▶ **EXERCISE**:
What is the number of lines in this listing that include the string "Picture"? Answer with that number by itself.

==========

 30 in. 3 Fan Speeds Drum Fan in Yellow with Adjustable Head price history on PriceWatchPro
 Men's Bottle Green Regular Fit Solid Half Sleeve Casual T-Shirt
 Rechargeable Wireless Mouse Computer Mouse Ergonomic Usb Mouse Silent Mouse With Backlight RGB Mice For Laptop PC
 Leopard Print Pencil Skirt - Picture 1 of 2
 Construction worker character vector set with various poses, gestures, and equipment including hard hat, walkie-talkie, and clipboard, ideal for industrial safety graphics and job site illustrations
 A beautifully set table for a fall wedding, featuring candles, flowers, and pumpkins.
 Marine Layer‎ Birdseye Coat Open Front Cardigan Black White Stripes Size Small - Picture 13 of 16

==========

▶ **SOLUTION FOR THIS TASK**:
2